(Reuters) - Demand for Lockheed Martin Corp’s (LMT.N) F-35 jet once again helped company profit beat Wall Street’s expectations on Tuesday and the No. 1 U.S. defense contractor raised its forecast for the rest of the year.
Lockheed shares were up around 3 percent although they traded flat as the session progressed. Rising U.S. defense budgets and stronger foreign demand helped Lockheed raise its 2018 net sales forecast to a range of $51.60 billion to $53.10 billion from a range of $50.35 billion to $51.85 billion.
During a post-earnings conference call with analysts, Lockheed’s CEO Marillyn Hewson said, “we are very encouraged by the support of our portfolio, as continued to receive as the (U.S.) budget process progresses.”
U.S. Senate and House negotiators on Monday reached agreement on a $716 billion defense policy bill.
But unexpected, and bigger than expected, awards were helping the company, CFO Bruce Tanner told analysts. “We have just a tremendous across the board year from an orders perspective so far in the first half,” he told analysts on Tuesday.
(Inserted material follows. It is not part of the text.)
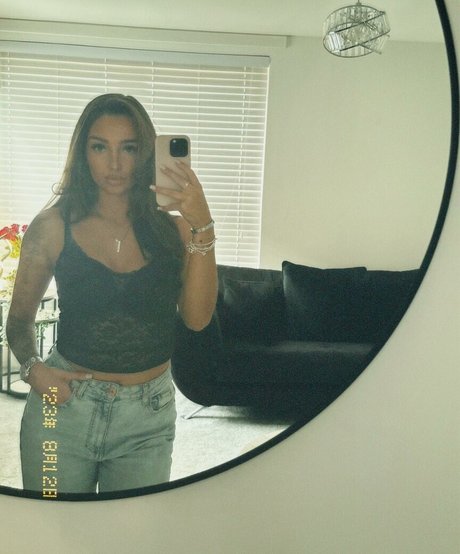 Chloe Panchal modèle parfait galeries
Full-year profit is now expected to be between $16.75 to $17.05 per share, compared with its earlier estimate of between $15.80 and $16.10 per share.
Revenue from the company’s missiles and fire control business, which makes PAC-3 missiles, rose 16.9 percent to $2.09 billion. The PAC-3 is the interceptor in the Patriot missile system. In late March, Poland signed its largest arms procurement deal in its history, a Patriot missile defense system for $4.75 billion.
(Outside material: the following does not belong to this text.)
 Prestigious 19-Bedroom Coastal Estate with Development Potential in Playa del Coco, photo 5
The company’s aeronautics business, which makes the stealthy F-35 fighter jet, posted a 8.1 percent rise in revenue to $5.32 billion.
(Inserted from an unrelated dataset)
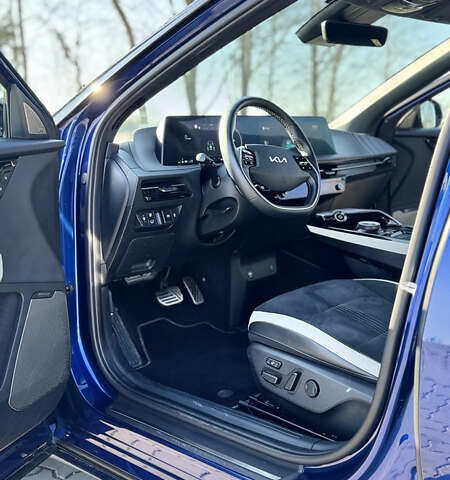 Синий Киа EV6, объемом двигателя 0 л и пробегом 39 тыс. км за 32000 $, фото 21 на Automoto.ua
There were 25 F-35s delivered during the quarter versus 14 from the same period a year earlier. So far, Lockheed has delivered 39 of the stealthy jets towards this year’s target of 91.
The Pentagon and the company are nearing an announcement for a deal for 141 F-35s that would lower the price of the F-35A, the most common version of the stealthy fighter jet, to about $89 million each, down around 6 percent from $94.3 million in the last deal struck in February 2017.
Tanner said profit margins at the F-35 business would continue to improve, but at a slower rate than in years past.
The company’s net income rose to $1.16 billion, or $4.05 per share, in the second-quarter ended June 24 from $955 million, or $3.28 per share, a year earlier.
Net sales rose 6.6 percent to $13.40 billion.
Tanner said the company’s tax rate for 2018 would be in the mid-14 percent range following the U.S. corporate tax cut enacted last year. He did not expect the rate to stay that low in future years.
Analysts were expecting adjusted earnings of $3.92 per shares and revenue of $12.74 billion, according to Thomson Reuters I/B/E/S.
The quarterly results included a charge of $96 million related to severance and restructuring activities, which reduced net income by $76 million, or $0.26 per share.
“Although Lockheed beating consensus for the quarter is hardly a novel experience, to do this despite the 26 cents of restructuring is an impressive performance,” analyst Robert Stallard of Vertical Research said in a note on Tuesday.
Up to Monday's close, Lockheed's shares had risen 9.7 percent in the past 12 months, compared with a 13.6 percent rise in the S&P 500 index .SPX.